Let's consider the following chart:
We can define a generic schema that can be used to encode the information contained in the chart and then use it for further analysis.
Define the schema
The following schema captures generic information contained in a chart:
graph_schema.json
{
"$defs": {
"DataPoint": {
"properties": {
"x": {
"title": "X",
"type": "number"
},
"y": {
"title": "Y",
"type": "number"
},
"serie": {
"title": "Serie",
"type": "string"
}
},
"required": [
"x",
"y",
"serie"
],
"title": "DataPoint",
"type": "object",
"additionalProperties": false
}
},
"title": "Graph",
"type": "object",
"properties": {
"title": {
"title": "Title",
"type": "string"
},
"description": {
"title": "Description",
"type": "string"
},
"x_axis": {
"title": "X Axis",
"type": "string"
},
"y_axis": {
"title": "Y Axis",
"type": "string"
},
"legend": {
"items": {
"type": "string"
},
"title": "Legend",
"type": "array"
},
"data": {
"items": {
"$ref": "#/$defs/DataPoint"
},
"title": "Data",
"type": "array"
}
},
"required": [
"title",
"description",
"x_axis",
"y_axis",
"legend",
"data"
],
"additionalProperties": false
}
Use structured outputs
We can use structured outputs with the defined schema as follows:
Request
POST https://<resource>.services.ai.azure.com/models/chat/completions?api-version=2024-05-01-preview
Content-Type: application/json
api-key: <key>
Body
{
"messages": [
{
"role": "system",
"content": "Extract the information from the graph.

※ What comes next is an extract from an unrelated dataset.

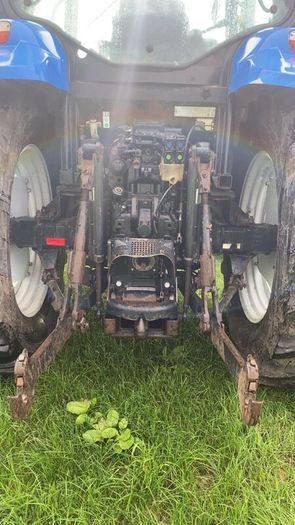 New Holland TS115A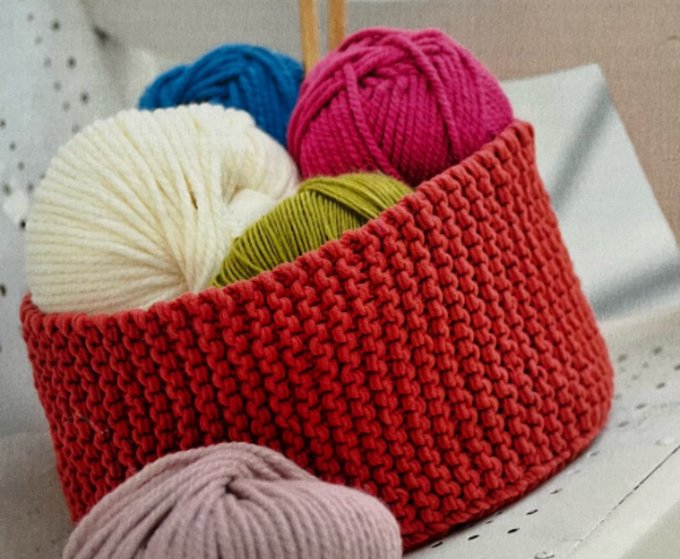 Knit An Oversized Chunky Basket ❤️ It's a perfect addition to add warmth and style to any space 🧺 Create baskets in different colours for every room in your home. Get creative with this easy to follow knitting pattern #MHHSBD #craftbizparty #elevenseshour Link below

Extrapolate the values of the x axe to ensure you have the correct number of data points for each of the years from 2001 to 2023. Scale the values of the y axes to account for the values being stacked."
},
{
"role": "user",
"content": [
{
"type": "image_url",
"image_url": {
"url": "..."
}
}
]
}
],
"response_format": {
"type": "json_schema",
"json_schema": {
"name": "graph_schema",
"schema": {
"$defs": {
"DataPoint": {
"properties": {
"x": {
"title": "X",
"type": "number"
},
"y": {
"title": "Y",
"type": "number"
},
"serie": {
"title": "Serie",
"type": "string"
}
},
"required": [
"x",
"y",
"serie"
],
"title": "DataPoint",
"type": "object",
"additionalProperties": false
}
},
"title": "Graph",
"type": "object",
"properties": {
"title": {
"title": "Title",
"type": "string"
},
"description": {
"title": "Description",
"type": "string"
},
"x_axis": {
"title": "X Axis",
"type": "string"
},
"y_axis": {
"title": "Y Axis",
"type": "string"
},
"legend": {
"items": {
"type": "string"
},
"title": "Legend",
"type": "array"
},
"data": {
"items": {
"$ref": "#/$defs/DataPoint"
},
"title": "Data",
"type": "array"
}
},
"required": [
"title",
"description",
"x_axis",
"y_axis",
"legend",
"data"
],
"additionalProperties": false
},
"strict": true
}
},
"model": "gpt-4o"
}
Let's see how this works:
Response
{
"id": "0a1234b5de6789f01gh2i345j6789klm",
"object": "chat.completion",
"created": 1718726686,
"model": "gpt-4o",
"choices": [
{
"index": 0,
"message": {
"role": "assistant",
"content": "{
\"title\": \"Global tree cover: annual loss\",
\"description\": \"Annual loss in thousand square kilometers of global tree cover across different climate zones.\",
\"x_axis\": \"Year\",
\"y_axis\": \"Thousand square kilometers\",
\"legend\": [
\"Boreal\",
\"Temperate\",
\"Subtropical\",
\"Tropical\"
],
\"data\": [
{
\"x\": 2001,
\"y\": -35,
\"serie\": \"Boreal\"
},
{
\"x\": 2001,
\"y\": -10,
\"serie\": \"Temperate\"
},
...
{
\"x\": 2023,
\"y\": -195,
\"serie\": \"Tropical\"
}
]
}",
"tool_calls": null
},
"finish_reason": "stop",
"logprobs": null
}
],
"usage": {
"prompt_tokens": 1250,
"total_tokens": 3246,
"completion_tokens": 1996
}
}
While the information isn't perfect, we can see the model was able to capture a good amount of information from the original chart.